I think part of the fun of following prospects is getting attached to them and being happy when they do well and hoping they get selected to the WJC where we can cheer for 'our guy' and all that stuff.
But if you're letting the fun side of following prospects cloud your rational judgement, then yeah - you are absolutely setting yourself up to be a sucker. Almost all of these guys amount to nothing outside of first round picks and the odd 2nd/3rd rounder. If you're bullish on more than 2-3 guys in an entire system at any given time, you're probably looking at the world through rose-coloured glasses.
Prospect-following is like an entirely separate aspect of fandom that can be really fun but is also almost completely meaningless outside of those top picks. Like, the last Canuck draft pick from outside the top 3 rounds to actually move the needle was Jannik Hansen who was drafted almost 20 years ago. But I can still enjoy cheering for Costmars and Plaseks and Utunens at the WJC because it's fun to have a bit of skin in the game even though I know that those guys making the WJC is basically the pinnacle of their career and the entire reward for following their careers.
The central problem people have - in perpetuity - is this thing where any prospect that is actually doing well is 'OMG LET'S JUMP TO CONCLUSIONS THAT THIS IS THE BIGGEST STEAL EVER!' while any prospect that isn't doing well is 'Wait and see! Stop jumping to conclusions that this guy isn't going to make it!' And when you have this mindset, everyone is great! And then you end up baffled and angry when a Schroeder or Lind or whatever doesn't make the jump when he's 23 even though that's the way it's been tracking for 4 years.

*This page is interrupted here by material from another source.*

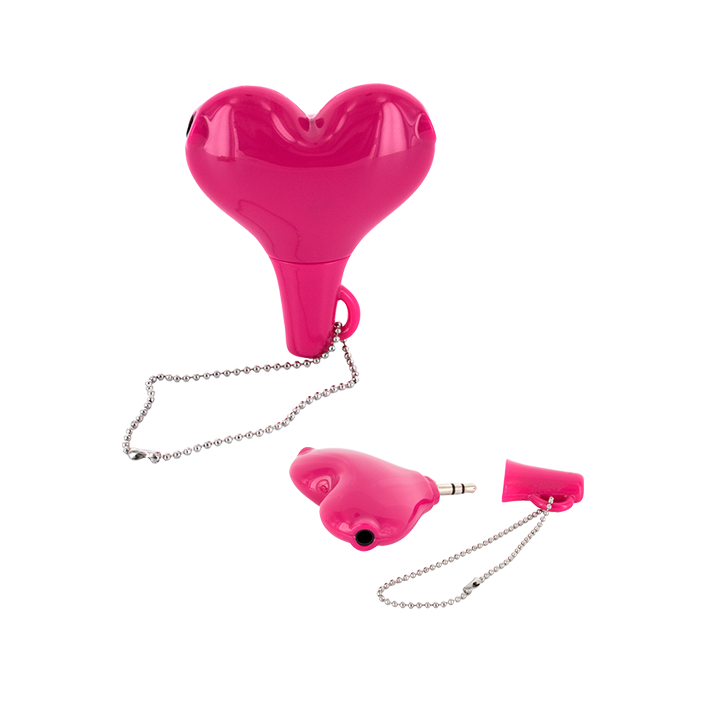 Audio splitter for earphones - Audio Jack Heart Audio splitter for earphones - Audio Jack Heart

And yeah : new information. This isn't the NHL where ignoring 5 seasons of performance and then jumping on 25-game sample sizes leads to bad/rash takes. Prospect development is incredibly erratic and unpredictable and the most recent information is by far the most valuable. It's funny how so many people are like 'LOL Benning only trades for guys he liked in junior' - and correct, terrible scouting! - but then also are like 'OMG Tolvanen should be an auto-claim but the Canucks are stupid!' not realizing that they're doing basically exactly the same thing.

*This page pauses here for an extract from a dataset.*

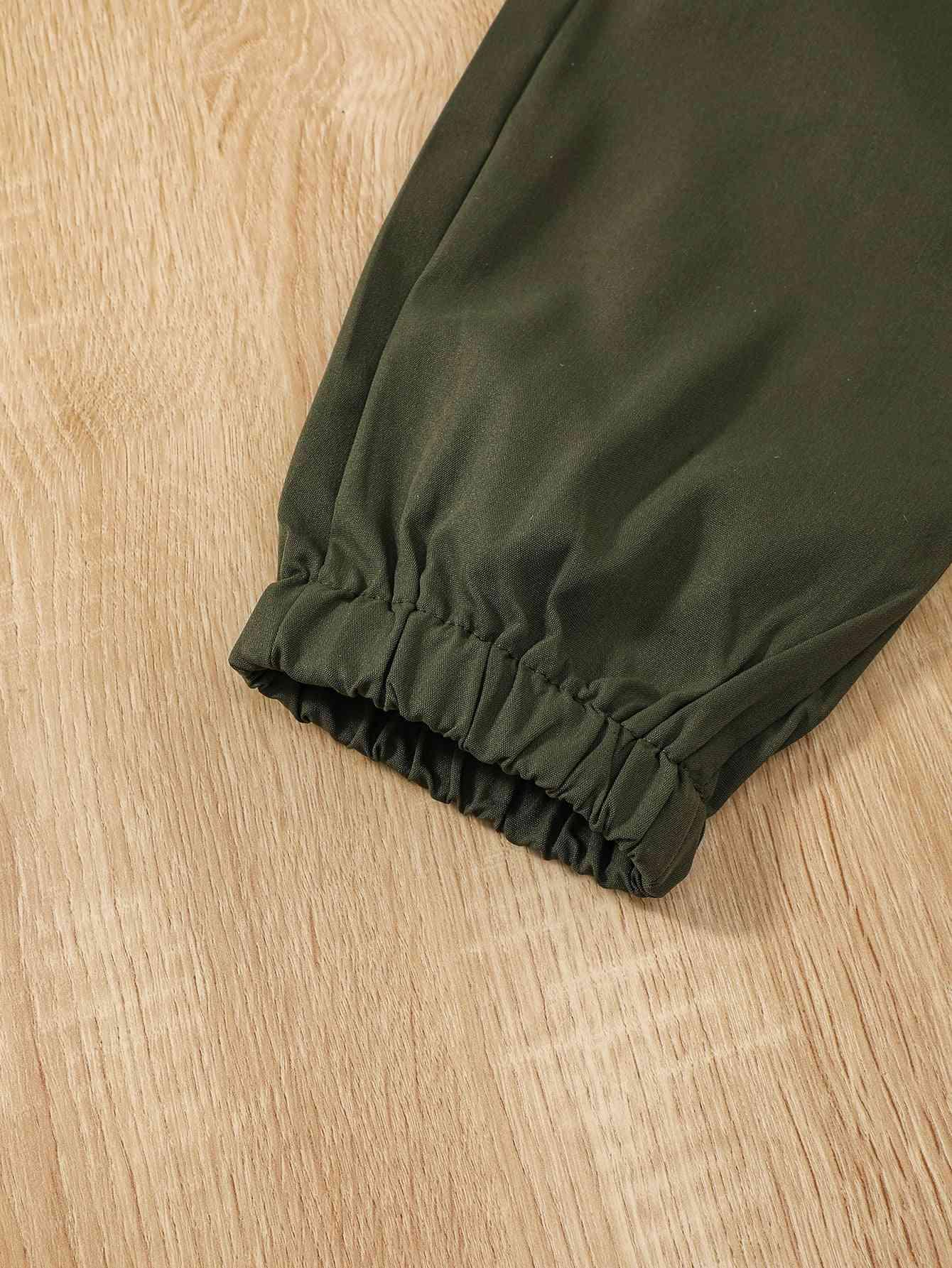 BROOKLYN Graphic Sweatshirt and Joggers Set - Browngold Fashion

The guys to watch for are always the ones with sharp development curves who quickly adapt to new levels. A few of us were pointing at Matias Maccelli last year when he stepped into the AHL as a 4th rounder nobody had heard of and torched that league as a rookie, and now he's one of the leading rookie NHL scorers a year later. I talked repeatedly last year about a guy named Nick Cicek who was an undrafted nobody on an AHL deal who was suddenly the best defender on SJ's AHL team as a rookie and a year later he's in the NHL, too. Watch for a kid named Ryker Evans to be a Calder contender next year for Seattle.